逮捕しないでねん☆

永劫の責苦。うらぶれた蔵屋敷。デュッセルドルフの解雇番、落葉樹。それら諸々の街道と、人々の物語、情景とが、俺の光明な慰安であった。俺の沈下した地盤であった。それは、遥かなる異国の他人事のような美しい横顔の、あの奇特な階調においては、ひとつの勇気であったのだ。そう、俺の尻と尻尾とは、勇者の雷ーーじゃなくて、蕾(つぼみ)なのである。

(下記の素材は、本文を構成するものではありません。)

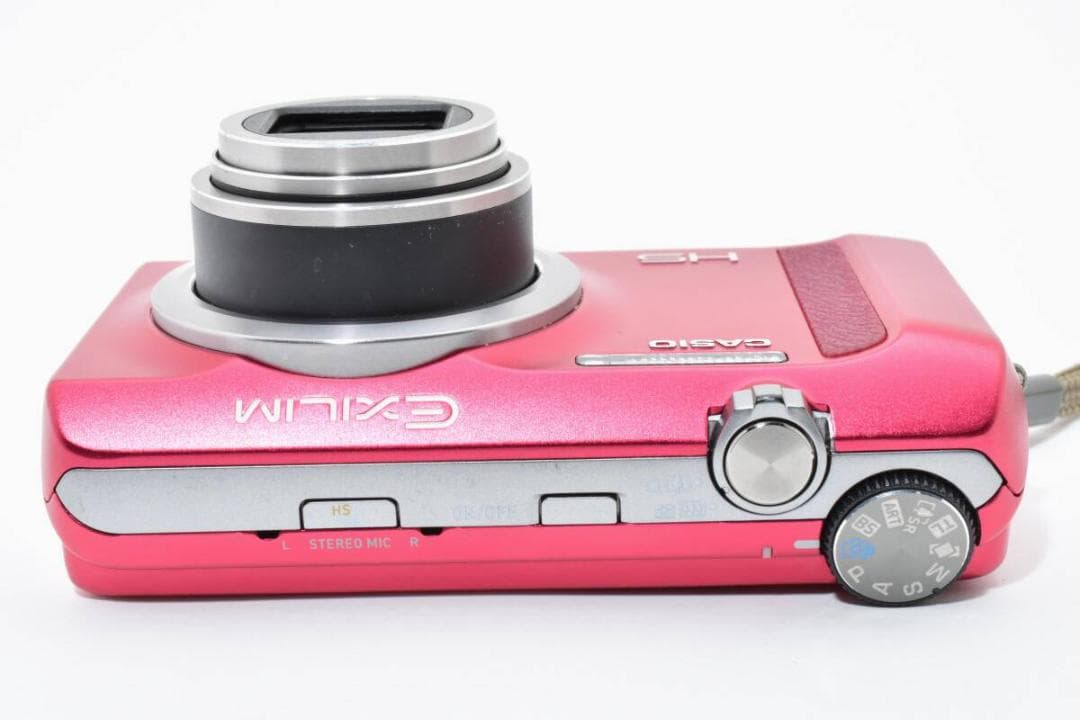 極美品 カシオ　CASIO EXILIM EX-ZR500 レッド ＃A520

ここで、時が変わる。思い出よ。歴史よ。放埓な無知の宴ーー、まだお前はそこに居てくれているか?

昔日の蛮行に差す柔らかい日差し、僕は自分の倉庫番をしていた。鍵さえ存ぜぬ気心の、陽転する気風のひとかけら、僕の裸の押印。君に押す。ムニュっ。

僕を逮捕したらーー

僕は嫌だ!!

僕の悲しむ姿が見たいのか。

僕を逮捕したらーー

僕は嫌だ!!


僕の郷愁、奇襲する涙に貴族の失踪。僕は走る。


僕を逮捕したらーー

僕は嫌だ!!


何度言わせるか。僕は観念して横断歩道に座り込む。クラクション。罵声。

もっと僕を大切にして。だって、ただ裸なだけじゃん。


追憶はここで終いだ。俺はあの日の無念を、過ぎし日の無残な渇望を、言われなき奇行と詩歌に飼育してーー


俺がお前を(逆に)逮捕する。9秒の時点でな。勝った。